【結婚後の働き方】正社員から派遣社員になって感じるメリット・デメリット

結婚当初、私は正社員として毎月50~60時間程残業のある会社で働いていました。

まだ子供はいないものの、体力がなくて毎日とにかくヘトヘトでした。

そんな現状を踏まえて夫婦で話し合った結果、キャリアチェンジを決意。

派遣の事務職員として、私立大学で働くことになりました。

 

当時夫(正社員)も私も27歳で、お金のことだけを考えれば正社員のままでいるべきだったとは思います。

世の中には子供がいても共働き・フルタイム・残業ありな環境でバリバリ働くお母さんたちがたくさんいて、本当に尊敬します。

ただ、体力やキャパは人それぞれで、努力だけではどうにもならないこともあるんです。

 

私の場合収入はガクッと200万円程下がりましたが、それ以上に得たメリットの方が大きいです。

 

働き方が多様化している今「正社員だけが正解ではない」という考え方もだいぶ浸透しているけれど、まだまだ無理している人もたくさんいるように思います。

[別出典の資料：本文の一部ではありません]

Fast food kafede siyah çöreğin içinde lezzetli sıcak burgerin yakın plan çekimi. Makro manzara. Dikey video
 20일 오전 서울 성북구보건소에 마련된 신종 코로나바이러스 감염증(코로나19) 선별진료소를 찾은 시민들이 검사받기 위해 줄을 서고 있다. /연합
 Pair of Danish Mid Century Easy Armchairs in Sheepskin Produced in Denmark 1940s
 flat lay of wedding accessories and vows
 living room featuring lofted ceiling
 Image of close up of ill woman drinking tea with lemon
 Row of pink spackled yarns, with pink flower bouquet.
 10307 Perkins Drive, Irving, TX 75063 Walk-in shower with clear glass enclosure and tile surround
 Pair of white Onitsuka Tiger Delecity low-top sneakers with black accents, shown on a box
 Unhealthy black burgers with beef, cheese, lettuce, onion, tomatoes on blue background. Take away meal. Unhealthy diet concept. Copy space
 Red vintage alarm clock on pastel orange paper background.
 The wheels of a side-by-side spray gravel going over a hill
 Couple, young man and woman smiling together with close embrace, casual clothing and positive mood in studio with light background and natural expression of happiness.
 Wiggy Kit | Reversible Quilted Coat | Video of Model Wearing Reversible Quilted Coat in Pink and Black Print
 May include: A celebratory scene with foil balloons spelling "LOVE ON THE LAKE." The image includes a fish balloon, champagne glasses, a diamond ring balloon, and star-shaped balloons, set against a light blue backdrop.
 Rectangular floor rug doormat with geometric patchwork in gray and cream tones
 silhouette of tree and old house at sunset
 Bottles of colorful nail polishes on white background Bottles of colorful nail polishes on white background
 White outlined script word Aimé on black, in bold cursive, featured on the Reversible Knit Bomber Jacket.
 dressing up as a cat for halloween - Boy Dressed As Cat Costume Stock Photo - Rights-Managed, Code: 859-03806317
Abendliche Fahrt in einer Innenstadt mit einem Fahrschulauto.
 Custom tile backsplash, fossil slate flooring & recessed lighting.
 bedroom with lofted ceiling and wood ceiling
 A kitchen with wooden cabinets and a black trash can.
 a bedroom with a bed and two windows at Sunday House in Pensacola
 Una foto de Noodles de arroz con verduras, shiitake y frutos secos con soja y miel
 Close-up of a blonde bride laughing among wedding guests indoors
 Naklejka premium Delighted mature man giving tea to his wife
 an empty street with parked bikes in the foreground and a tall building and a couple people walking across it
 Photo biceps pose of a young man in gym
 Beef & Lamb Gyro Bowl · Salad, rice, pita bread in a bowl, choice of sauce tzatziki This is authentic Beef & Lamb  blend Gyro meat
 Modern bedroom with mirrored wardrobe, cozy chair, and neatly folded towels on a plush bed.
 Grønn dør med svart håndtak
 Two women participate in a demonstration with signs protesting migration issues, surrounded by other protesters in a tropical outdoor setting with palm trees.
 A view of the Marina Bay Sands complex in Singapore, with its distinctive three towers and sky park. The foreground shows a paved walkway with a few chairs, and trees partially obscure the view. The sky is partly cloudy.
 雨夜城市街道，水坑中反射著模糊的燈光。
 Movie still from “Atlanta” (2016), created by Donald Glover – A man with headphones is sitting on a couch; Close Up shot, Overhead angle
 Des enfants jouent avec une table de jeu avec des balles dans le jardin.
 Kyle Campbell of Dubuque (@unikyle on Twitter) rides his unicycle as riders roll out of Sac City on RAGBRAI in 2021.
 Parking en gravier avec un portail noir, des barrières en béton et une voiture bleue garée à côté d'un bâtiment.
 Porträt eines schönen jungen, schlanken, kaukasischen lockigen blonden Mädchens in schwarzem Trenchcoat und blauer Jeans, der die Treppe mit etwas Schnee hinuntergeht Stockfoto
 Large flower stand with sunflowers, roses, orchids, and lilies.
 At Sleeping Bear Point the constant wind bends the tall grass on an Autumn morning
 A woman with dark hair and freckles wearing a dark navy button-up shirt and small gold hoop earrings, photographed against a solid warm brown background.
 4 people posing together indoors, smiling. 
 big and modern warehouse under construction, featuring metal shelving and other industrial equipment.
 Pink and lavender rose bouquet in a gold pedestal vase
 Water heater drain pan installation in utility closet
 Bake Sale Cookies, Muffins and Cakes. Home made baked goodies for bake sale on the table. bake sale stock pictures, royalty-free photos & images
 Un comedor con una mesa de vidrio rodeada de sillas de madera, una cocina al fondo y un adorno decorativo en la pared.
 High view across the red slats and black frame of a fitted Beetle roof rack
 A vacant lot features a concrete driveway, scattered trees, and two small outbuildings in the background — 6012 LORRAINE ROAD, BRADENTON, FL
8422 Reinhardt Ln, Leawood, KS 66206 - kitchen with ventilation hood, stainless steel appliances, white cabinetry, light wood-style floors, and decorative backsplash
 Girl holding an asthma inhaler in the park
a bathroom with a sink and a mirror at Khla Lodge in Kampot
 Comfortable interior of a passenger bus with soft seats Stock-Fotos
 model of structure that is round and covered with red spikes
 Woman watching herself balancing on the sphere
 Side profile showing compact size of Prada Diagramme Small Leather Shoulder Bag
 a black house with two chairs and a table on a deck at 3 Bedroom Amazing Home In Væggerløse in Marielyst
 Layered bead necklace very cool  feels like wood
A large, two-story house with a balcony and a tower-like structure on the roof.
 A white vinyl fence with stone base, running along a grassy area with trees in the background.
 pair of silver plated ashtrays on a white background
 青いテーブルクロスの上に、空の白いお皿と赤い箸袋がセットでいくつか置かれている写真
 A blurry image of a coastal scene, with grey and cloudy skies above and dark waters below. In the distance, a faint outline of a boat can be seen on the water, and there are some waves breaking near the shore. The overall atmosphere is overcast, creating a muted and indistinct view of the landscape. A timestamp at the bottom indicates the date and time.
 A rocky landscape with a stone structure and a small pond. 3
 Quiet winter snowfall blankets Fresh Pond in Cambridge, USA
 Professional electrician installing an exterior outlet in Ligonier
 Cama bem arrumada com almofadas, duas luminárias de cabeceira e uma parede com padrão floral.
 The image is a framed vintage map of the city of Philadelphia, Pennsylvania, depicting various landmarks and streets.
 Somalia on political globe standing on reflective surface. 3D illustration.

そんな人の参考になればと思い、私が感じる派遣社員のメリット・デメリットをご紹介します。

派遣社員とは?

ピンクのパソコン

人材派遣のシステム

派遣社員は、派遣会社と雇用契約を結びます。

給料の支払いや社会保険の加入手続き等は実際に働く派遣先の会社ではなく、雇用主である派遣会社が行う仕組みです。

派遣先の会社にとっては、人材を外注しているということになります。

 

正社員との違いは?

一番大きな違いは「雇用の安定性」です。

基本的に派遣社員の契約期間の上限は3年間。

同じ職場で続けて3年以上働くことができません。

※正確に言うと雇用期間の定めがない「無期雇用派遣」という雇用形態もあって、私の派遣先では3年勤務後そちらに転換している人もいます☝️

 

他にも正社員との違いとして「ボーナスがない」「責任が軽い」「産休・育休制度がない」等と言われることもありますが、一概にそうとは言えません。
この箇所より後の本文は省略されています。